Il ritorno di un’atmosfera da Guerra Fredda preoccupa sempre di più il nostro continente, stretto nella morsa di Usa e Russia. Il trattato Inf ratificato da Reagan e Gorbačëv nel 1987 in Islanda sospese ufficialmente la corsa agli armamenti tra le due superpotenze. Si avvicinava l’età dell’unipolarismo di marca americana, con il gigante sovietico ormai al collasso, caduto sotto i pesanti colpi di una lotta combattuta rincorrendo la famigerata “parità strategica”.
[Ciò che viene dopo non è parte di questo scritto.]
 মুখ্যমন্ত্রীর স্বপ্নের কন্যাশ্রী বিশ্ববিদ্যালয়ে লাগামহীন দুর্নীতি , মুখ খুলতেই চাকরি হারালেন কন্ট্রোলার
Il trattato ha sancito lo smantellamento delle armi nucleari di corto e medio raggio installate nel continente europeo, postazione di lancio naturale per entrambe le superpotenze, allentando in tal modo in maniera considerevole la tensione tra Mosca e Washington. La perdita della sfera d’influenza sovietica nell’Europa centro-orientale ha dato così impulso all’integrazione di nuovi Paesi (oggi protagonisti della scena europea) come Polonia e Ungheria, fornendo la possibilità all’Europa di poter organizzare una propria politica eventualmente anche slegata dalla dicotomia Mosca-Washington, tradottasi poi nel 1992 nella costituzione dell’attuale assetto comunitario ancora alla disperata ricerca di un equilibrio politico-economico. In altre parole, il trattato Inf ha garantito per trent’anni la pace e la sicurezza del continente, smantellando tutte le postazioni di lancio missili raggio compreso tra i 500 ed i 5000 km attive sul suo territorio.
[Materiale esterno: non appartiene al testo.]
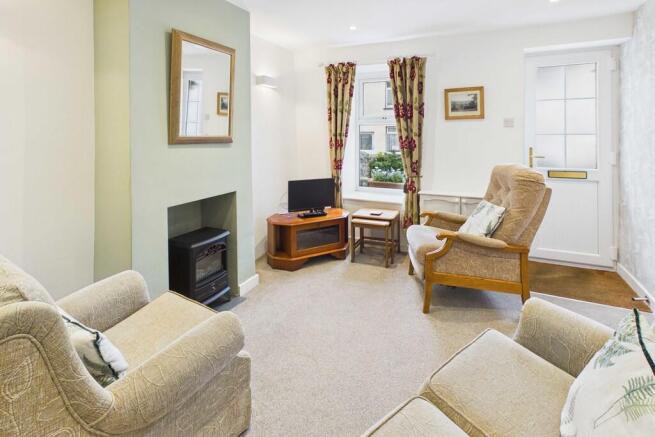 Living / Dining R...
Successivamente alle esternazioni dell’establishment americano in merito all’uscita degli Usa dal trattato in seguito a presunte violazioni russe (con tanto di “ultimatum” nei confronti di Mosca), è intervenuto anche l’ultimo leader sovietico Michail Gorbačëv, assoluto protagonista dei fatti dell’epoca, dettosi molto preoccupato per l’attuale approccio della politica globale su una questione delicatissima come quella della proliferazione nucleare. Nonostante la “poca accortezza” con la quale Gorbačëv difese all’epoca gli interessi strategici di Mosca, sembra che l’ex premio Nobel negli ultimi anni abbia voltato letteralmente le spalle a quella politica di “sicurezza regionale” per la quale divenne celebre nei circoli occidentali sul finire degli anni ’80. La successiva espansione delle strutture Nato in Polonia, Romania, Croazia e Bulgaria ha lanciato la Russia verso una nuova corsa agli armamenti che potrebbe minare ancora una volta l’economia precaria di un Paese che ha migliorato di gran lunga la propria condizione ma che presenta ancora pesanti deficit in materia di sviluppo economico.
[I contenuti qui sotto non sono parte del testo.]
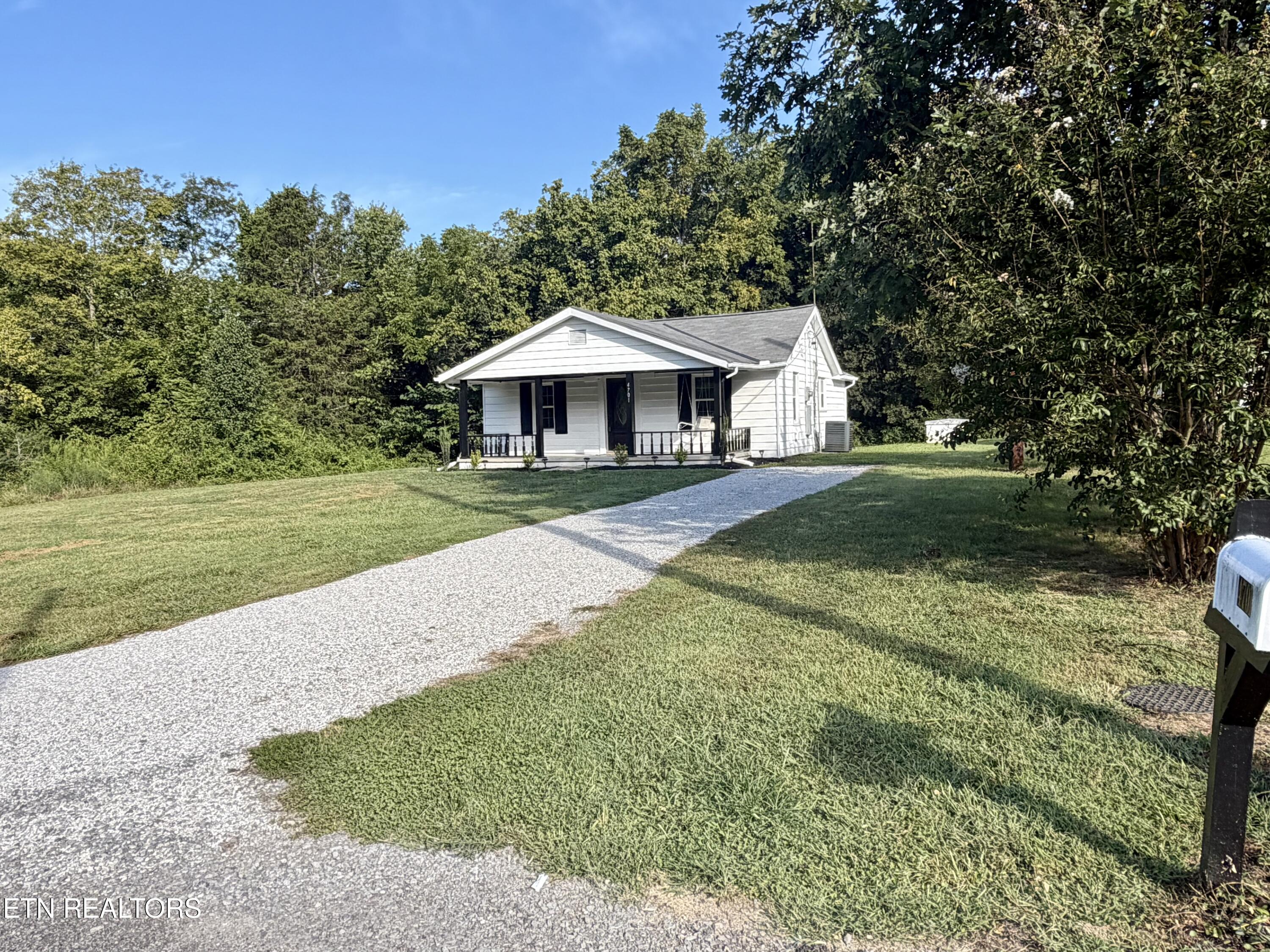 4701 Daystar Lane Knoxville TN 37918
La cancellazione del trattato Inf è stata avanzata da Washington in risposta a presunte violazioni (non ancora comprovate) da parte della Russia, la quale, però, ha visto mutare notevolmente la propria forza strategica nella sua area cuscinetto dal 1987 ad oggi. Gli americani sembrano dimenticare che, avendo dichiarato spesso di voler dotare di testata nucleare i missili Tomawack, le basi Nato di Deveselu (Romania) e Redzikowo (Polonia) sono attive già dal 2016, costituendo una minaccia assoluta per Mosca. In altre parole, le condizioni strategiche poste in essere da Reagan e Gorbačëv sono mutate considerevolmente a vantaggio delle forze Nato proprio per iniziativa americana. I recenti test missilistici condotti con successo dal Cremlino hanno spinto gli Usa a correre ai ripari, tentando, in tempi non sospetti, di coinvolgere nel discorso anche la Cina. Proprio Pechino, infatti, sta svolgendo il ruolo di attore “silenzioso” in questa partita a scacchi, avendo dispiegato i missili Dong Feng direttamente contro le basi americane attive a Guam e in Giappone. Gli Stati Uniti, dunque, uscendo dal trattato, porrebbero le basi per avere campo libero nel contenimento strategico dei loro avversari a tutto tondo: la Russia e la Cina in primis, ma anche l’Europa che, senza un proprio (e sempre più utopistico) sistema di difesa comune ed indipendente dalla Nato, tornerà ad assumere il ruolo di mero campo di battaglia, uscendone definitivamente ridimensionata nelle sue ambizioni su scala globale.